**Exercise goal:** Only the lines below starting at the one containing "5/10/25pcs Container Box" and ending at the one containing "X11 in Mac OS X with XQuartz" belong in the answer, each copied exactly.

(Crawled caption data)
※

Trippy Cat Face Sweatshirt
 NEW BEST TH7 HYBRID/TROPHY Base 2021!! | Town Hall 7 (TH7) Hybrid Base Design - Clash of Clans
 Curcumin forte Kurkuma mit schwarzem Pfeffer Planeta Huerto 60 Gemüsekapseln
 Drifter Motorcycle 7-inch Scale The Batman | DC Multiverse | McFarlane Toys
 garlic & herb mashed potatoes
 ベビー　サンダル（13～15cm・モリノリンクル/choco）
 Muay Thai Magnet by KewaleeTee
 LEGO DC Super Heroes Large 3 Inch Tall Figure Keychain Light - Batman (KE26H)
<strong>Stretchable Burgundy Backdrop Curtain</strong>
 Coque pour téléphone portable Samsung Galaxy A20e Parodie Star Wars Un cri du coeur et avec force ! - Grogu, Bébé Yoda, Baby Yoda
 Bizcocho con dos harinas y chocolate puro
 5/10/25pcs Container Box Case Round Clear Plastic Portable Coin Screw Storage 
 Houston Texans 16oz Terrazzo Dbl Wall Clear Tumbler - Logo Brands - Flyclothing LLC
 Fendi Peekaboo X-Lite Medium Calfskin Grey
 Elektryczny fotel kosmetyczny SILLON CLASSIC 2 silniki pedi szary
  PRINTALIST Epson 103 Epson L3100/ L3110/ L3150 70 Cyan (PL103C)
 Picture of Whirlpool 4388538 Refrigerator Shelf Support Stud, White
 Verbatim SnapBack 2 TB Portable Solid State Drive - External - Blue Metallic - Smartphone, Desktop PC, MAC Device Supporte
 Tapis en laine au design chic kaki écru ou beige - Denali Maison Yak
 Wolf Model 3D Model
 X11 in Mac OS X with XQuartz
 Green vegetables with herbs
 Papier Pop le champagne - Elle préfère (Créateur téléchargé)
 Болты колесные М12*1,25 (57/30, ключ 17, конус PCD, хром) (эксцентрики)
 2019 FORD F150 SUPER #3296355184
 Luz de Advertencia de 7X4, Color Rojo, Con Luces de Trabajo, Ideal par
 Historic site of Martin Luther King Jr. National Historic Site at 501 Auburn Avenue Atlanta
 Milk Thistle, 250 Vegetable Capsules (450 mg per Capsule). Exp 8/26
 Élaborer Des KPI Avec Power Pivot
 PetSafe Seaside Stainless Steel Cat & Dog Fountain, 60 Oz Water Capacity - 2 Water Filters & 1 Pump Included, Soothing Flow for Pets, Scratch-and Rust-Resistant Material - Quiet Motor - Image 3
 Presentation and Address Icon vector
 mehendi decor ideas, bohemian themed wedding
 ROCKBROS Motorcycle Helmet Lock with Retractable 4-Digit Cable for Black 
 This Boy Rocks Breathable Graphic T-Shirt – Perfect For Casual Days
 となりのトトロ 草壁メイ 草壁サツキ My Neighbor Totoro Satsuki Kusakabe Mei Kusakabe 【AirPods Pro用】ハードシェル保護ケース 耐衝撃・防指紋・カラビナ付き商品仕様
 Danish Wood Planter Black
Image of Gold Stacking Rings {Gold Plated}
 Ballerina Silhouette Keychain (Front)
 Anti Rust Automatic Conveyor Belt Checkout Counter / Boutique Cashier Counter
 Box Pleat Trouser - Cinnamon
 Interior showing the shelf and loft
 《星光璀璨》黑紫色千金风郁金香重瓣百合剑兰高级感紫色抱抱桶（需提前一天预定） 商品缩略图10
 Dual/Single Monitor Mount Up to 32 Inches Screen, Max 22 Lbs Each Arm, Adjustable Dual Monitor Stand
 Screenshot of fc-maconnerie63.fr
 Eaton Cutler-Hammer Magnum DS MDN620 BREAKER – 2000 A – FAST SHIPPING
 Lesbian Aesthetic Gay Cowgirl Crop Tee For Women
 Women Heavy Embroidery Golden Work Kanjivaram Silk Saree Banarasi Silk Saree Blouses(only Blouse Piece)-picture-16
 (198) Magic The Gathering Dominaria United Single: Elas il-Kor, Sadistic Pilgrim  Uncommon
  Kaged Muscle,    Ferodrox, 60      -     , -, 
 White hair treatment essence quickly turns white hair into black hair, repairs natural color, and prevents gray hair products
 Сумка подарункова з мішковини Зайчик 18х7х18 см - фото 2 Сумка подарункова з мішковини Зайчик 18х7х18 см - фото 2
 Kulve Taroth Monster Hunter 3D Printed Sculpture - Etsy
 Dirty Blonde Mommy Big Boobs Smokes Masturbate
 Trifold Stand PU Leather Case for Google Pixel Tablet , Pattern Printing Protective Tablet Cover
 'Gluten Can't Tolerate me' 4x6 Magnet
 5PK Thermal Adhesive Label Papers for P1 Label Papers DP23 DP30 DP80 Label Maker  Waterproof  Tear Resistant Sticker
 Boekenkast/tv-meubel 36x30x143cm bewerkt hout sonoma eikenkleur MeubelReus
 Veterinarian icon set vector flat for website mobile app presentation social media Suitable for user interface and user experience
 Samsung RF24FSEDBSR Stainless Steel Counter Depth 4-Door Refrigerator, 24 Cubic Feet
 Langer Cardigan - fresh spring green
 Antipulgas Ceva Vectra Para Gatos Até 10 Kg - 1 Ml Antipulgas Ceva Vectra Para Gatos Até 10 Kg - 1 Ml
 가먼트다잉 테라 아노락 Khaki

※

**Written solution:**
 5/10/25pcs Container Box Case Round Clear Plastic Portable Coin Screw Storage 
 Houston Texans 16oz Terrazzo Dbl Wall Clear Tumbler - Logo Brands - Flyclothing LLC
 Fendi Peekaboo X-Lite Medium Calfskin Grey
 Elektryczny fotel kosmetyczny SILLON CLASSIC 2 silniki pedi szary
  PRINTALIST Epson 103 Epson L3100/ L3110/ L3150 70 Cyan (PL103C)
 Picture of Whirlpool 4388538 Refrigerator Shelf Support Stud, White
 Verbatim SnapBack 2 TB Portable Solid State Drive - External - Blue Metallic - Smartphone, Desktop PC, MAC Device Supporte
 Tapis en laine au design chic kaki écru ou beige - Denali Maison Yak
 Wolf Model 3D Model
 X11 in Mac OS X with XQuartz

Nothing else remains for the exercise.